## Departmental Papers (CIS)

#### Date of this Version

June 2004

#### Document Type

Conference Paper

#### Recommended Citation

Michael B. Greenwald and Sanjeev Khanna, "Power-Conserving Computation of Order-Statistics over Sensor Networks", . June 2004.

#### Abstract

We study the problem of power-conserving computation of order statistics in sensor networks. Significant power-reducing optimizations have been devised for computing simple aggregate queries such as COUNT, AVERAGE, or MAX over sensor networks. In contrast, aggregate queries such as MEDIAN have seen little progress over the brute force approach of forwarding all data to a central server. Moreover, battery life of current sensors seems largely determined by communication costs - therefore we aim to minimize the number of bytes transmitted. Unoptimized aggregate queries typically impose extremely high power consumption on a subset of sensors located near the server. Metrics such as total communication cost underestimate the penalty of such imbalance: network lifetime may be dominated by the worst-case replacement time for depleted batteries.

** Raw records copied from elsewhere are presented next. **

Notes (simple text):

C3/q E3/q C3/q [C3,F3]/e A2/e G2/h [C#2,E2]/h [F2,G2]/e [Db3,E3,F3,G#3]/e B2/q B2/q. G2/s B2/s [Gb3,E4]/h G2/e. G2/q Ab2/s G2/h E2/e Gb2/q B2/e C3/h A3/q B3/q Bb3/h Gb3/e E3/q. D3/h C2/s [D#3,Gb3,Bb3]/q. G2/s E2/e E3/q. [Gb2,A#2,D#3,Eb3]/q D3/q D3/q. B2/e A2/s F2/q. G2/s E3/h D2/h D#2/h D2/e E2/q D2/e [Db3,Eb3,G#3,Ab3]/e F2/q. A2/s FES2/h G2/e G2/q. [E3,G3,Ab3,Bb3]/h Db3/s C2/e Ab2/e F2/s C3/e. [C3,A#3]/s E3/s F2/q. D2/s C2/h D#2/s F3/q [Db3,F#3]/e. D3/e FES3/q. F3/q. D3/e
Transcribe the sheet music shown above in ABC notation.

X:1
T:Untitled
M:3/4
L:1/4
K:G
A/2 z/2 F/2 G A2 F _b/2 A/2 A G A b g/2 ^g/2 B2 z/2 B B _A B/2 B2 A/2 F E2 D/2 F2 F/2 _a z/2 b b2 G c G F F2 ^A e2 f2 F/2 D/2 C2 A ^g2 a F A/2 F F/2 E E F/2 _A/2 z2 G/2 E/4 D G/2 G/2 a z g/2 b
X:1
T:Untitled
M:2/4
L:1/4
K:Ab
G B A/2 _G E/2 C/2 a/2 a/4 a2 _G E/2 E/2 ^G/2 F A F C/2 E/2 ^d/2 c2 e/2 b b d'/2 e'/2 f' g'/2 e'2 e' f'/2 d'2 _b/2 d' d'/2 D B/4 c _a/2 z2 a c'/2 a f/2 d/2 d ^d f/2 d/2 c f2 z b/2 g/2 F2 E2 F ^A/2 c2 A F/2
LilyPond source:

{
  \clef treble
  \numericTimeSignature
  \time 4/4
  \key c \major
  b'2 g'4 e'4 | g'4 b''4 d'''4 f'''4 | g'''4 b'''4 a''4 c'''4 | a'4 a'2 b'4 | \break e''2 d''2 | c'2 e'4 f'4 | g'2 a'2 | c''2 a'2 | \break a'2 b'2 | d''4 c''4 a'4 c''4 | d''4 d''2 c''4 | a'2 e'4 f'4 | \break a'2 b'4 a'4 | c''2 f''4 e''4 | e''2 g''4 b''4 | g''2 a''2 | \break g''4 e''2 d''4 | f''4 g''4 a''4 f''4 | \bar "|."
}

In this paper, we design the first algorithms for computing order-statistics such that power consumption is balanced across the entire network. Our first main result is a distributed algorithm ε-approximate quantile summary of the sensor data such that each sensor transmits only *O*(log^{2}*n*/ε) data values, *irrespective of the network topology*, an improvement over the current worst-case behavior of Ω(*n*). Second, we show an improved result when the height, *h*, of the network is significantly smaller than *n*. Our third result is that we can exactly compute any order statistic (e.g., median) in a distributed manner such that each sensor needs to transmit *O*(log^{3}*n*) values.

Further, we design the aggregates used by our algorithms to be *decomposable*. An aggregate *Q* over a set *S* is decomposable if there exists a function, *f*, such that for all *S* = *S*_{1} ∪ *S*_{2}, *Q*(*S*) = *f*(*Q*(*S*_{1}),*Q*(*S*_{2})). We can thus directly apply existing optimizations to decomposable aggregates that inrease error-resilience and reduce communication cost.

Finally, we validate our results empirically, through simulation. When we compute the median exactly, we show that, even for moderate size networks, the worst communication cost for any single node is several times smaller than the corresponding cost in prior median algorithms. We show similar cost reductions when computing approximate order-statistic summaries with guaranteed precision. In all cases, our total communication cost over the entire network is smaller than or equal to the total cost of prior algorithms.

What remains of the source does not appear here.